Microsoft and OpenAI said in a statement that they envision AGI playing a role in solving global challenges like climate change, healthcare and education.

“The creation of AGI will be the most important technological development in human history, with the potential to shape the trajectory of humanity,” Altman, OpenAI’s CEO, said in the release. “Our mission is to ensure that AGI technology benefits all of humanity, and we’re working with Microsoft to build the supercomputing foundation on which we’ll build AGI.”

 

ChatGPT 

ChatGPT, an AI chatbot powered by OpenAI’s GPT-3.5 language learning model, is OpenAI’s latest product. GPT-3.5 is a slightly more advanced version of GPT-3, the company’s third iteration of a deep learning model released in 2020. Essentially, the model is informed by vast amounts of data and trained to predict the next word of a given sentence.

OpenAI launched ChatGPT on November 30, and within five days, Altman said it had reached 1 million users. 

In just a short amount of time, people have giddily tested the capabilities of the platform. Users have shared stories of ChatGPT detecting bugs in code, answering technical questions and writing essays that help students skirt anti-plagiarism software.

Musk, who left the OpenAI board in 2018, tweeted that “ChatGPT is scary good,” and that, “We are not far from dangerously strong AI.”

While it may have captured the public’s imagination, Altman recently tweeted that ChatGPT was “obviously not close” to AGI, adding that “the field has a long way to go, and big ideas yet to discover.”  

OpenAI is upfront about ChatGPT’s limitations. The website acknowledges that the chatbot often provides inaccurate information and that it is “often excessively verbose and overuses certain phrases, such as restating that it’s a language model trained by OpenAI.”

 

DALL-E

While GPT-3 uses its knowledge of language to generate text, OpenAI’s Image GPT model is able to generate pixels in sequence to create images for OpenAI’s text-to-image tools, DALL-E and DALL-E 2.

DALL-E was first released in 2021, but it didn’t gain mainstream popularity until an updated version called DALL-E 2 was made available for public use without a waitlist on September 28. 

While DALL-E could generate images from text descriptions, DALL-E 2 can generate more realistic, accurate images with a resolution that is four times better than its predecessor, according to OpenAI.
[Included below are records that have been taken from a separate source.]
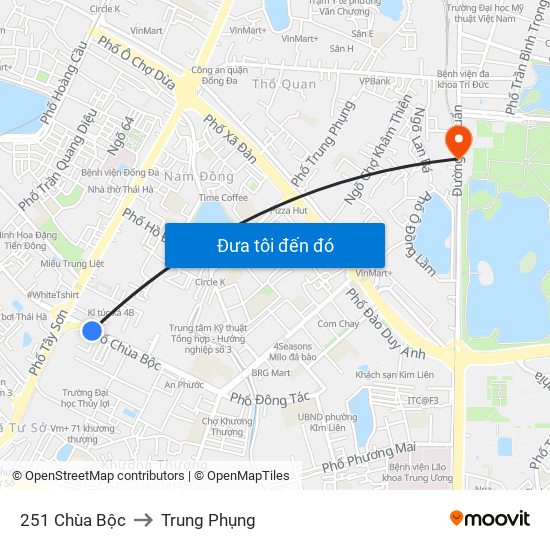 251 Chùa Bộc to Trung Phụng map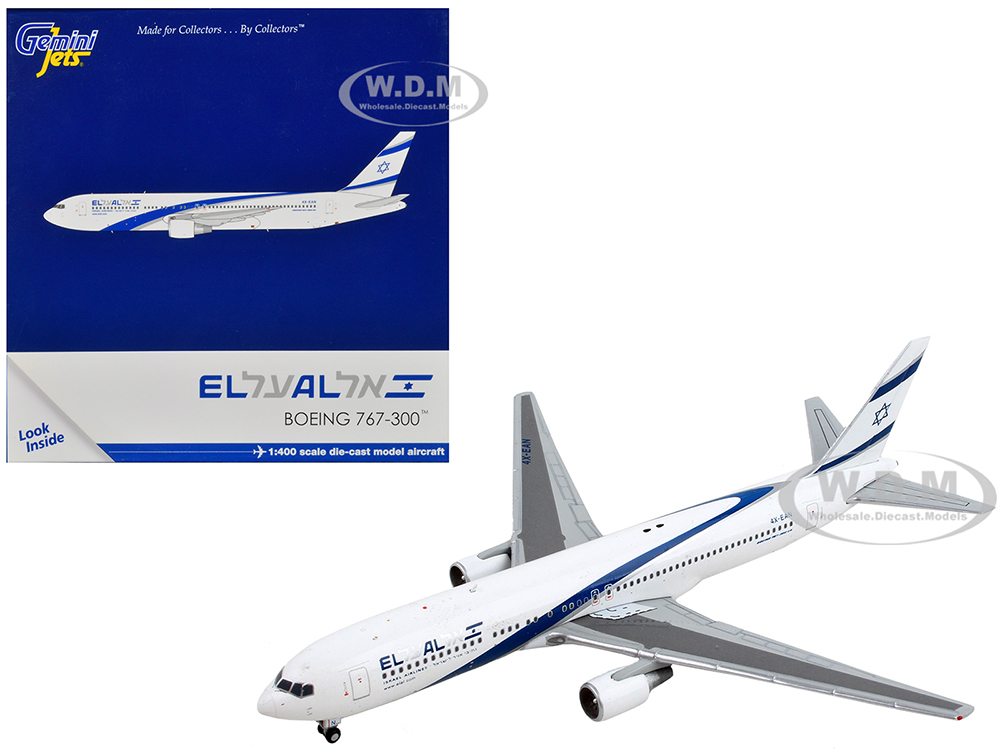 Boeing 767-300 Commercial Aircraft El Al Israel Airlines White with Blue Stripes 1/400 Diecast Model Airplane by GeminiJets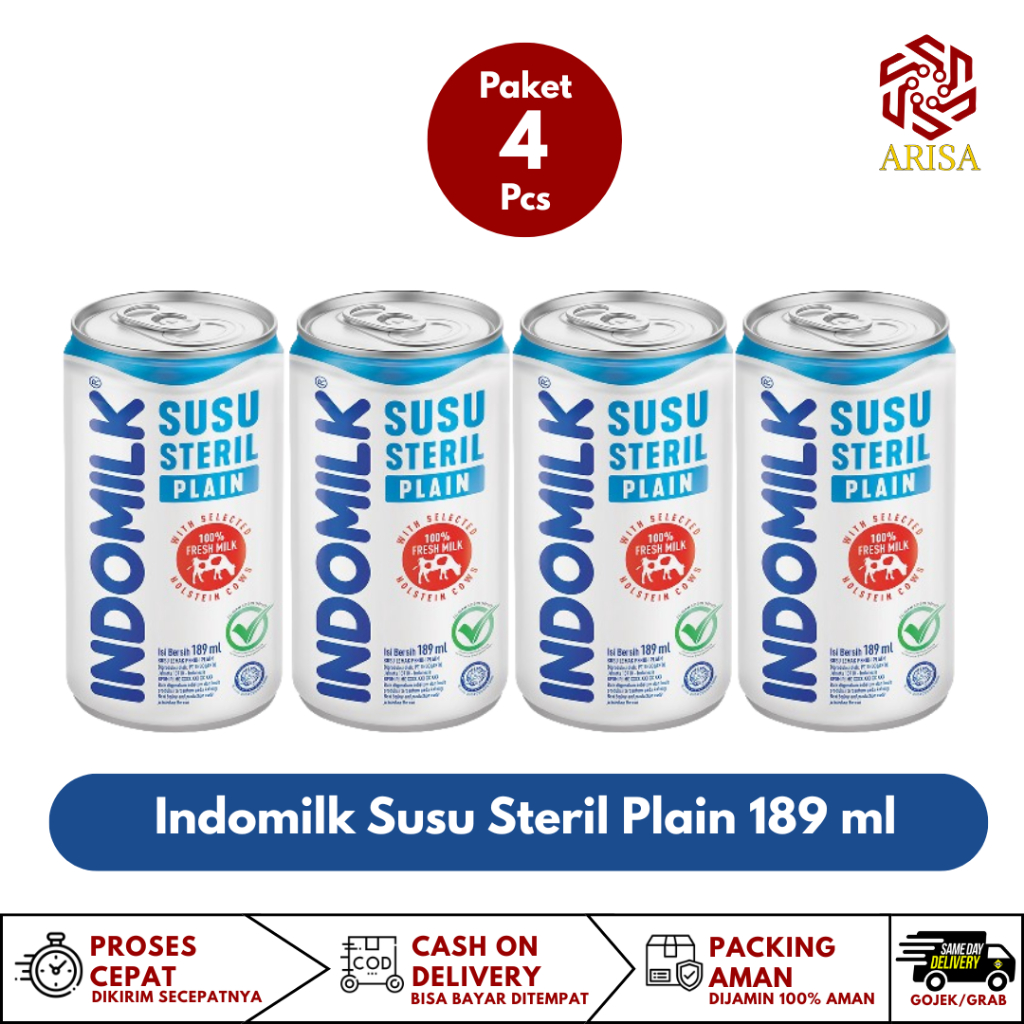 

Paket Quartet Indomilk Susu Steril Plain 189ml, Susu nya Riil Faedah nya Riil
DALL-E 2 is intelligent enough to combine objects, concepts and styles. Within seconds, it can generate 10 different images of “an astronaut riding a horse in the style of Andy Warhol,” for example, or “teddy bears shopping for groceries in ancient Egypt.” DALL-E 2 also allows the user to add and remove objects from an existing image using text prompts.

Video: OpenAI / YouTube

 

Other Projects

OpenAI has developed several other projects that have generated enthusiasm in the tech community but do not get the same attention as DALL-E or ChatGPT. OpenAI Codex, for example, translates natural language to code and was used to develop GitHub Copilot, which autocompletes code for computer programmers.

OpenAI also recently unveiled Whisper, an automatic speech recognition system that can transcribe spoken language with greater accuracy than existing technology, according to the company. Trained on 680,000 hours of multilingual data, Whisper can transcribe speech with accents, background noise and technical language.

OpenAI currently has more than 100 employees. Most of the open jobs on its career page are based at the company’s San Francisco headquarters, but there are also some remote positions. The company is currently hiring for 36 positions on Built In. OpenAI also offers a salaried six-month residency program for researchers and engineers who don’t currently focus on AI.